Door de ramen aan de achterkant van ons appartement, die uitzicht bieden op de Alexander Nevski kathedraal en de daar naast liggende parlementsgebouwen, zien we dat de toegangsweg naar de heuvel waarop de regeringsgebouwen liggen hermetisch met pantserwagens en betonnen wegversperringen wordt afgesloten.

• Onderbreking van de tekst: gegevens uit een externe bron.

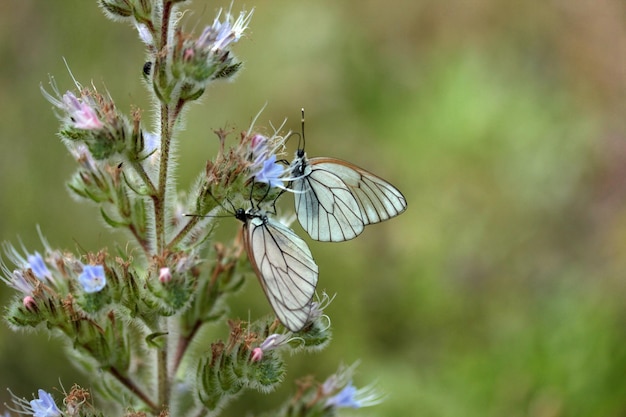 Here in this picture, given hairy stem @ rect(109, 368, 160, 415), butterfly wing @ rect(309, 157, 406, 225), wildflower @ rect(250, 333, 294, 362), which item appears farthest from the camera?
butterfly wing @ rect(309, 157, 406, 225)

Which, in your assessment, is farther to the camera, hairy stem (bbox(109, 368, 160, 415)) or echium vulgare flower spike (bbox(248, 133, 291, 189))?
hairy stem (bbox(109, 368, 160, 415))

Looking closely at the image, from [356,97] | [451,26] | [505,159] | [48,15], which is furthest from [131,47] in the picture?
[451,26]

Op de televisie wordt opvallend weinig gemeld van wat er zich onder en om ons heen afspeelt. Mijn vriendin belt een bevriende journaliste die zegt dat de politie wil voorkomen dat het geweld overslaat naar de buitenwijken Mustamaë en Lasnamaë, waar de betonnen woonkazernes uit de Sovjettijd staan en waar de meeste Russen wonen. Als dáár de vlam in de pan slaat zitten we morgen met iets wat het meest zal lijken op een burgeroorlog.
Maar na middernacht wordt het rustig. Mijn vriendin zegt dat de Russen nu dronken naar bed gaan en morgen zo’n vreselijke kater hebben dat ze de puf niet meer hebben om de stenen weer op te pakken. Ze weet het zeker. Ik help het haar hopen.
De volgende morgen trekken we nieuwsgierig de gordijnen open. Het parkje ligt er vredig bij. De ijzeren hekken en de feesttent zijn verdwenen en op de plek waar een dag eerder de Bronzen Held nog treurde, zijn tuinlieden bezig met het aanleggen van bloembedden in een laag vers gestorte donkere aarde.
In mooie, sierlijke lijnen worden oranje, witte en gele bloemen geplant.
Géén rode.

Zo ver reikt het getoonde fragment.